Akşener kürsüde: Tek kişilik yarışla iyi bulunmaz

Meral Akşener 'İyi Parti'nin kuruluş toplantısında konuştu: Ne hak biliyorlar, ne hukuk. Hatırladınız mı? Milletin hakkı için, devletin itibarı için ayağa kalktığında, parmak salladığını siyasetçi, ürkütmeye, korkutmaya çalıştığınız kadın. Hatırladınız mı? Siz neredesiniz bilmiyorum, biz yine ayağa kalkıyoruz, milletimle beraber ayağa kalkıyoruz, bütün yollar tutulmuş, biz kendi yolumuzu tutuyoruz.

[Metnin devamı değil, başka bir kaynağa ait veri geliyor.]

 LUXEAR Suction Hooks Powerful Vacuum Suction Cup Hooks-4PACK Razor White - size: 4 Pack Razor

Akşener kürsüde: Tek kişilik yarışla iyi bulunmaz
Meral Akşener’in liderliğinde kurulan ‘İyi Parti’ Ankara’da Nazım Hikmet Kültür Merkezi’nde kuruluşunu ilan ediyor. İçişleri Bakanlığı’na partininin başvuru dilekçesini ileten Meral Akşener daha sonra salona geçti. Partililer salonu tamamen doldururken İstiklal Marşı okunuşu sırasında bozkurt işaretleri yaptı.

.

Meral Akşener salona Mehter Marşı çalarken giriş yaptı ve “Türkiye seninle gurur duyuyor sloganları” atıldı. Akşener, önceki gün CHP’den istifa ederek partisine katılan İzmir Milletvekili Aytun Çıray’ın yanına oturdu. İyi Parti tanıtım toplantısı 200 kişiden oluşan Kurucular Kurulu üyelerinin tanıtımı ile başladı.

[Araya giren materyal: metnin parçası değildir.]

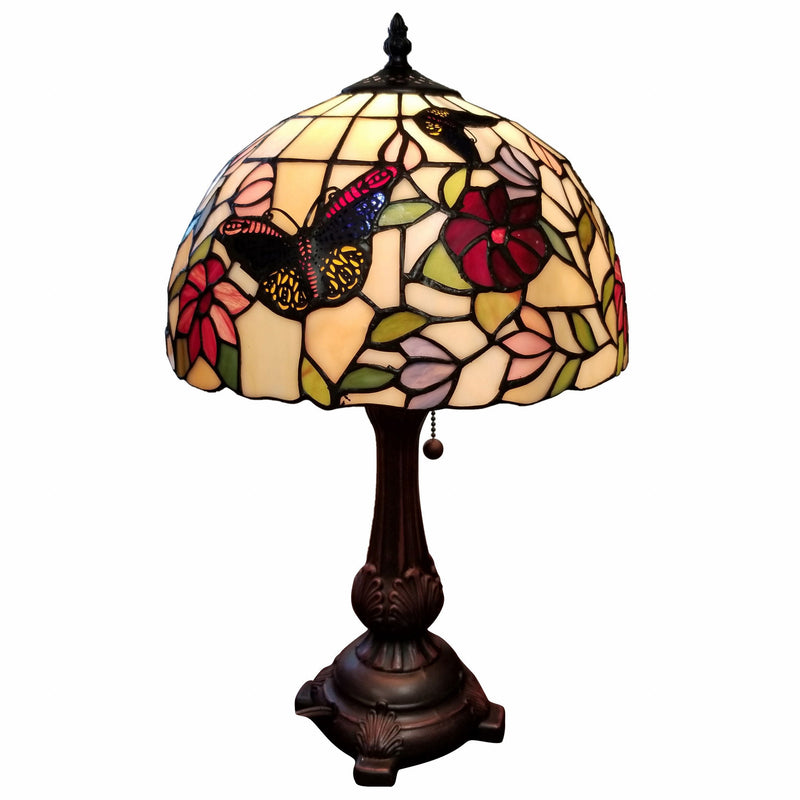 Metal Candlestick Table Lamp With Red And Black Dome Shade - Dark Brown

Daha sonra kürsüye gelen Akşener 16 Nisan referandumu sırasında Bursa’da kullanılan, “Vallahi de olacak billahi de olacak” sloganını hatırlatarak başladı ve “Allah’ım sana şükürler olsun” dedi.

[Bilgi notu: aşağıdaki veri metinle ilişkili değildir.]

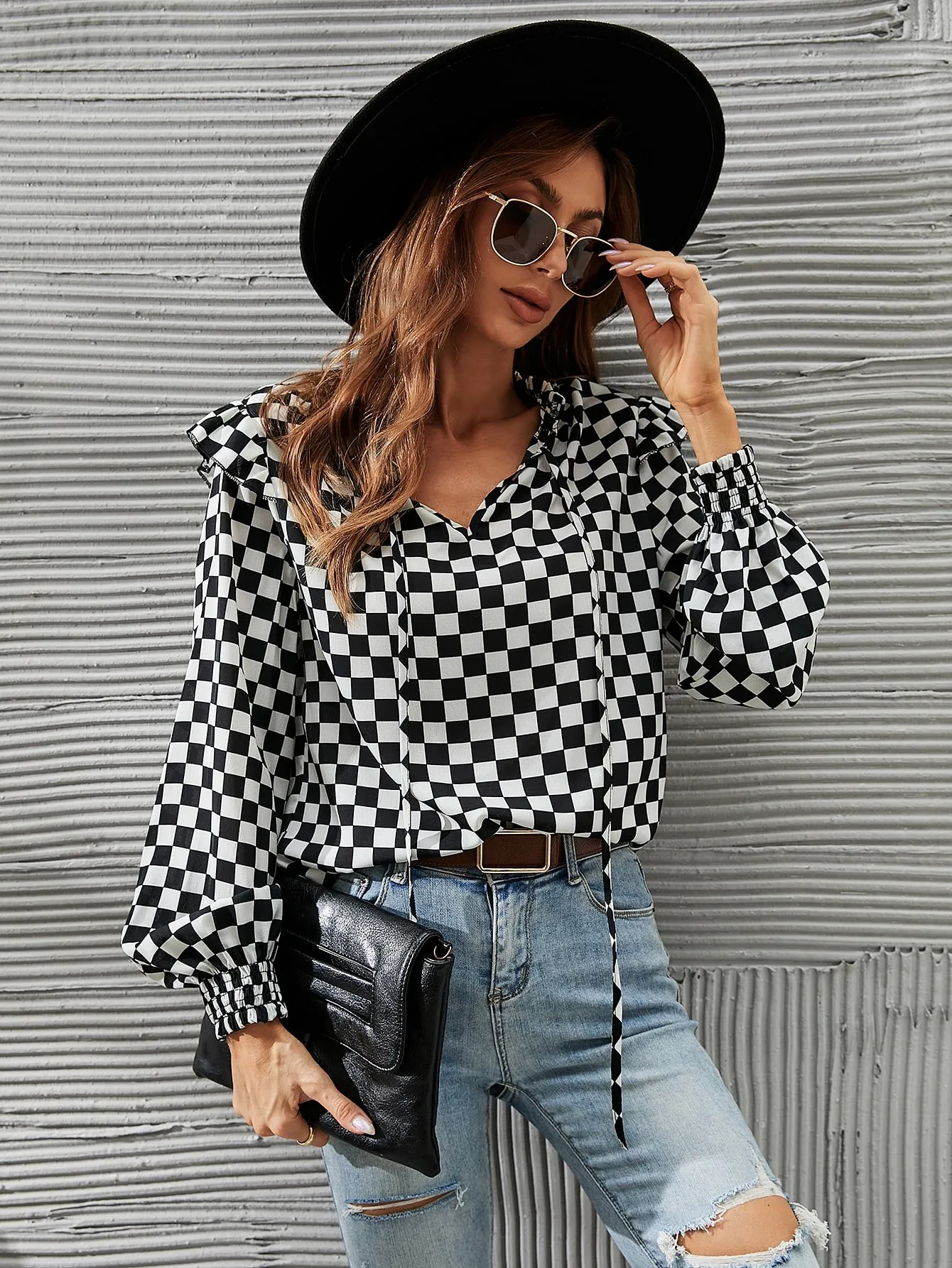 Casual Plaid Ruffle Long Sleeve Tie Neck Regular Blouse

Akşener kürsüye, “Vallahi de olacak billahi de olacak” sözleriyle başladı, “Bir Çarşamba sabahı, bizleri buraya toplayan güce, “ol deyince olduran”a, şükürler ediyorum” dedi.

Akşener şunları söyledi:

SORUNLARI MİLLİ İRADEYLE AŞTIK: Ülkemiz, bir asrı aşkın çok partili siyasal hayata sahiptir. Milletimiz, bu süre içinde, karşılaştığı bütün sorunları, bunalımları, daralmaları, hep milli irade yoluyla aşmıştır. Her zaman demokratik siyaseti tercih etmiş ve yoluna yeni açılımlarla devam etmeyi, her zaman başarmıştır. Büyük devlet adamı Mustafa Kemal Atatürk ve arkadaşları, bu toprakların ikinci defa vatan kılınmasında, milli iradeyi esas almışlar, savaşı bile Türkiye Büyük Millet Meclisi ile yönetmişlerdir. 1940’lı yıllara gelindiğinde, devrin iktidarı, ‘Millî Şef’’ Dönemi otoriter yapısı, ve talihsiz 1946 seçimleri ile toplumun gerisine düşmüş, zamanın dışında kalmıştı. Milletimiz, cesur bir demokratik mücadele ile çok partili hayatın kapılarını açmış, siyasal iktidarı değiştirmiştir. Bu yolla, toplumsal ilerlemeyi yeniden başlatmış, devletimizi işlevsel hale getirmiştir. Sadece on yıl sonra, 1960 Askeri Darbecileri, kendilerini milli irade yerine koyarak, siyaseti askıya almışlar, sonra da ülke siyasetinin gidişatını planlamışlardı. Milletimiz, demokratik tavrından sapmadan, bu otoriter kadroların tasarımlarını, boşa çıkartmış, yeni bir siyasal parti iktidarıyla, Türkiye’nin hızını kesen engelleri kaldırmayı başarmıştır. 12 Eylül 1980’de siyasetin bir kere daha askıya alınmasına şahit olduk… Milletimiz aynı şekilde, demokratik olgunluğundan taviz vermeden, yapılan tasarımları çöpe atmış, yeni bir partiyi iktidara taşımış, yeni bir siyasal dönemle Türkiye’nin yolunu aydınlatmıştır. Türk siyasetinde demokratik işleyiş,12 Eylül’de bozulmuş, 28 Şubat ile tasfiye sürecine girmiştir.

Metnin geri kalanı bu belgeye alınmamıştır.